▶ **Data for this task**
++++++++
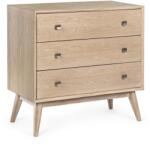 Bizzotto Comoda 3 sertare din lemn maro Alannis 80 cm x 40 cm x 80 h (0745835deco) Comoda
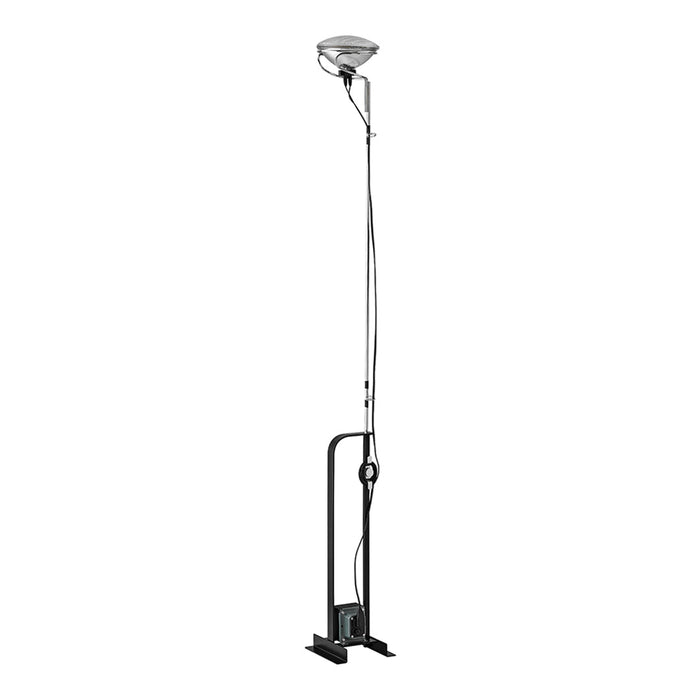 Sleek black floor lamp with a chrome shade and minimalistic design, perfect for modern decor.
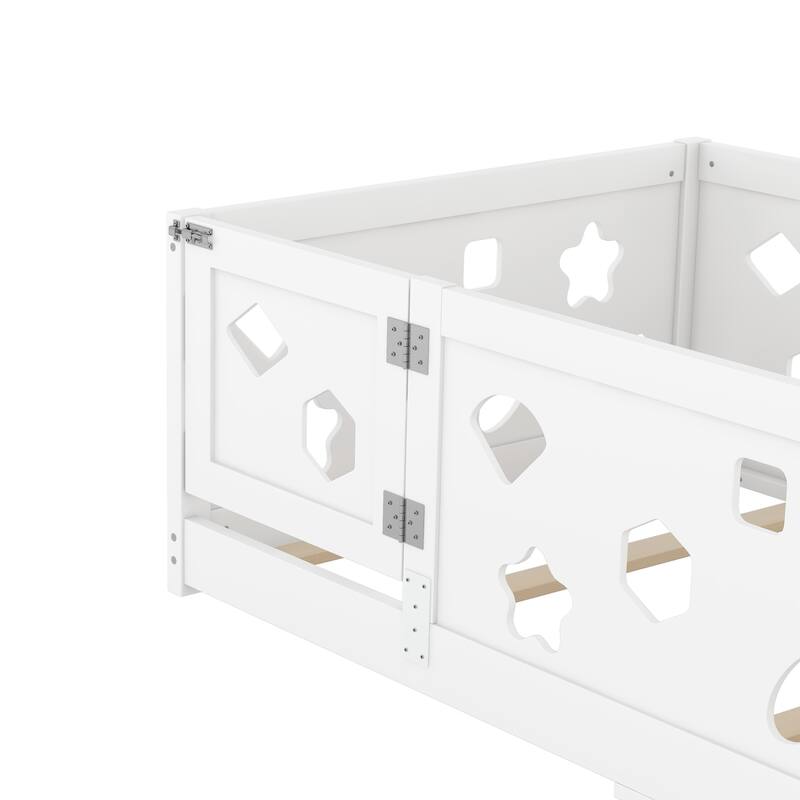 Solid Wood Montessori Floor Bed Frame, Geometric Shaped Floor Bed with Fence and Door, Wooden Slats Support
++++++++
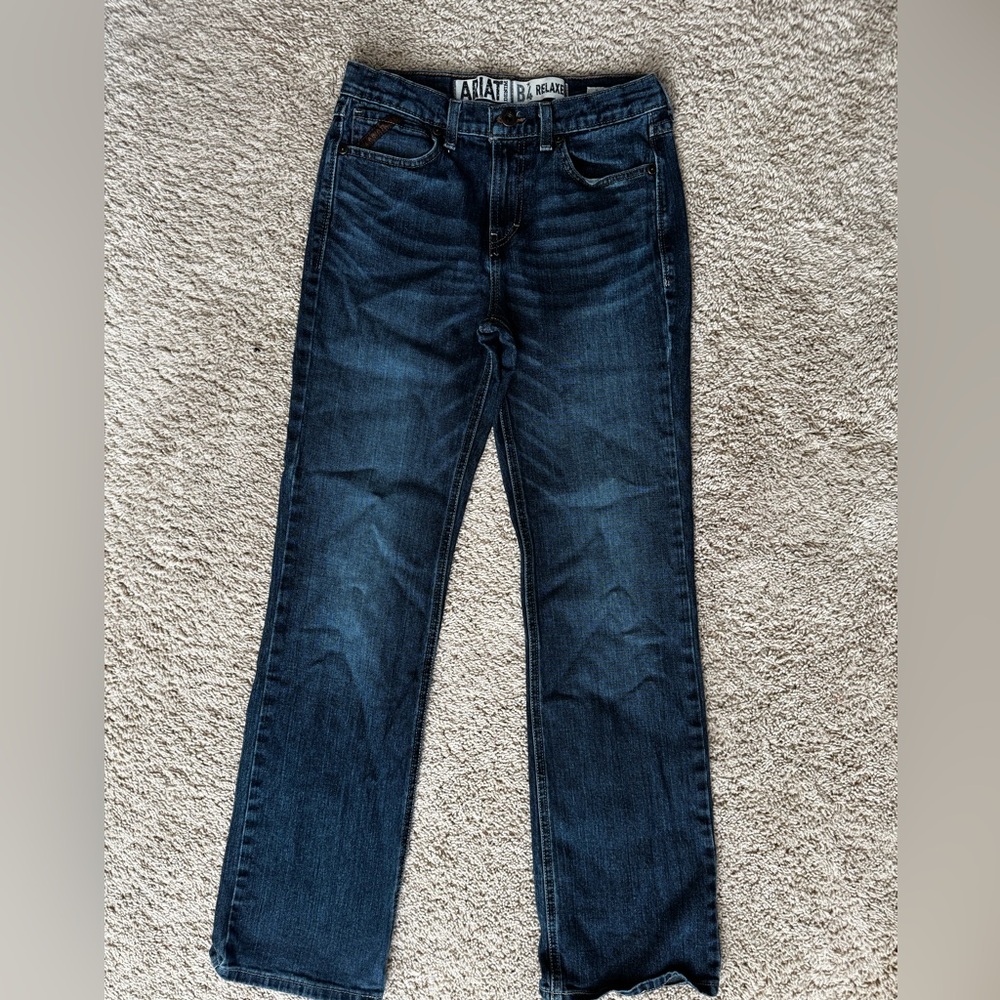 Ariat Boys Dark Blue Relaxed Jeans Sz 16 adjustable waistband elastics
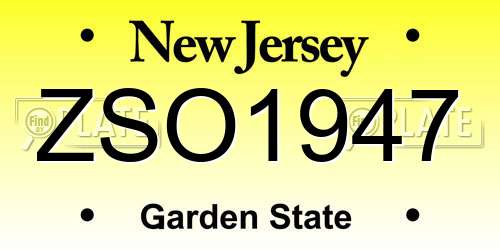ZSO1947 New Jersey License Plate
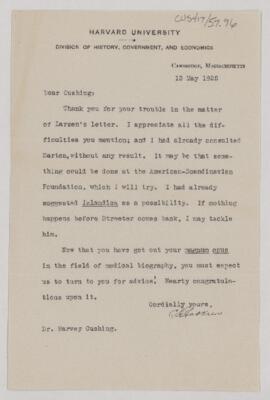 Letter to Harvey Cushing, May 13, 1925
++++++++
▶ **Work request**
Repeat exactly the lines above, from the line that contains "Ariat Boys Dark" down through the line that contains "Letter to Harvey Cushing, May 13, 1925". Include both of those lines and none of the pictures.

▶ **Answer for the task**
 Ariat Boys Dark Blue Relaxed Jeans Sz 16 adjustable waistband elastics
ZSO1947 New Jersey License Plate
 Letter to Harvey Cushing, May 13, 1925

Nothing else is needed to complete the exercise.